Quando meu pai viu que nem penso na minha deficiência, que para mim é como se não tivesse acontecido nada, ele conseguiu superar a situação.
Não lembro toda hora do meu acidente, não me apeguei a isso. Sei que tem gente que olha com dó, mas faço tudo sozinho, moro com minha esposa, não dependo de ninguém para nada.
'Me tratavam como coitadinho'
Muita gente da minha família me irritou porque começou a me tratar como coitadinho, incapaz. Minha mãe não.
Na época em que comecei a ter contato com pessoas com deficiência, chegava em casa falando: 'Nenhum dos meus amigos lava louça, por que eu lavo?' E minha mãe respondia: 'Seus amigos não lavam louça porque não moram aqui'.
Aos 13 anos, encontrei a natação. Foi um preparador físico da rede Lucy Montoro, onde fiz reabilitação, quem falou para minha mãe me colocar em um esporte paralímpico.
No começo, não gostava nem um pouco da natação: queria era fazer esqui, mas a Laís (Souza, ex-ginasta) tinha acabado de bater em uma árvore e fraturar a cervical.
Minha mãe disse: 'Vai fazer esqui? De jeito nenhum'. Ela perguntou aos meus professores o que eu poderia fazer sem me machucar.

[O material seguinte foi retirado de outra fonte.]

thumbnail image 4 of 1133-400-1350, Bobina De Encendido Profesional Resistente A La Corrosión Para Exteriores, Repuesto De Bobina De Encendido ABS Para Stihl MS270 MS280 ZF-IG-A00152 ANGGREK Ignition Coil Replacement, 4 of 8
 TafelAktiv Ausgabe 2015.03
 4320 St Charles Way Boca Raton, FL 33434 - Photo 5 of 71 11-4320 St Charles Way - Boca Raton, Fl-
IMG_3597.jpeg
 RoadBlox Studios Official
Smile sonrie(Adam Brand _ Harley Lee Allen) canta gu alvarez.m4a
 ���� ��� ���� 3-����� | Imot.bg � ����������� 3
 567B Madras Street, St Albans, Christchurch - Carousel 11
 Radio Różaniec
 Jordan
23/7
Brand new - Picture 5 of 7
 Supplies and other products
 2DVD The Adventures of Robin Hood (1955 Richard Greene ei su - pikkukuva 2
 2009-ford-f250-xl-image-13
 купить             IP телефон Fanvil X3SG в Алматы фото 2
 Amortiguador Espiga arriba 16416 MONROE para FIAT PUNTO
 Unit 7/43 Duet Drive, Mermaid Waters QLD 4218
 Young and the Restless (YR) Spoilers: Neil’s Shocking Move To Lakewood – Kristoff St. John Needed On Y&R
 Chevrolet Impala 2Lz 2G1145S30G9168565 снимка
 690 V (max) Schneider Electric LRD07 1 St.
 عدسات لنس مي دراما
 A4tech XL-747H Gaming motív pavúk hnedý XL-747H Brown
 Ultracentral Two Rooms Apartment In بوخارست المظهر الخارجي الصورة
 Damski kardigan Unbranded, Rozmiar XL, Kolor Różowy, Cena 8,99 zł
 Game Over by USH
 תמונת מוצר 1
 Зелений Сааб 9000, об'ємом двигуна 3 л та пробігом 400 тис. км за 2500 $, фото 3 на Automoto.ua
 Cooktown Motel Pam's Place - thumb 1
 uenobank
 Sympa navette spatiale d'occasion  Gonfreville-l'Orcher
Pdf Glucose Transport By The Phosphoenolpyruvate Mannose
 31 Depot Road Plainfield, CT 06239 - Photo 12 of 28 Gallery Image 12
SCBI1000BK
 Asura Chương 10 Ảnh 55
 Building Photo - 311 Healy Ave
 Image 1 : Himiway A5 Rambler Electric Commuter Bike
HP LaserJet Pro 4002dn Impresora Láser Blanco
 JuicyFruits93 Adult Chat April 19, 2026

Sempre fui competitivo, mas não pensava em ser campeão mundial. Agora, quero dar uma vida melhor para mim por meio do esporte e a natação me ensinou que tudo é possível, basta ter meta, traçar o plano e trabalhar todo dia para chegar lá.
Quando digo todo dia, é 24 horas por dia, de segunda a segunda. O atleta não bate ponto, é o dia todo trabalhando. Tenho de comer seis vezes ao dia, me alongar, dormir na hora certa, cozinhar minha comida do dia seguinte.
O difícil é organizar os recursos para não faltar comida, não faltar material, conseguir pagar o aluguel em dia.
A alimentação de um atleta, por exemplo, é muito cara e, se reduzo, perco rendimento no outro dia. O Phelps, na época da Olimpíada de Pequim, tinha de consumir 12 mil calorias por dia —eu tenho de consumir de 5 a 7 mil. É muita coisa e minha esposa fica assustada quando estou comendo.
'Brigo para ser campeão'
Quem mais me chamou a atenção na natação foi o Gabriel Cristiano, um atleta que tem a mesma deficiência que a minha, só que ele tem o braço direito e não tem o esquerdo.
Eu nadava 50 metros livre em 38 segundos e vi o Gabriel nadando em 27 segundos. Ele era absurdamente mais forte do que eu e isso instigou meu lado competitivo: queria ser tão forte quanto ele.
Hoje, nado 27 segundos nos 50 metros, mas isso aconteceu depois que comecei a treinar com intenção, vontade e foco de ser campeão mundial. Passei dois anos participando de campeonatos brasileiros e chegava em último.
Na pandemia, passei a treinar sozinho e comecei a estudar sobre fisiologia, treinamento, biomecânica e nutrição. Recebi propostas para integrar a equipe, entre eles o Praia Clube, em Uberlândia, que tem um número enorme de campeões brasileiros. Hoje, tenho oito medalhas de ouro e brigo para ser campeão mundial.
Aos poucos vou conseguindo outros apoios: recebo Bolsa Atleta e Bolsa Minas Gerais. E, desde 2018, quando passei a querer ser campeão mundial, o esporte é minha única meta. Não tem plano B. Se o plano A não der certo, é o plano A de novo."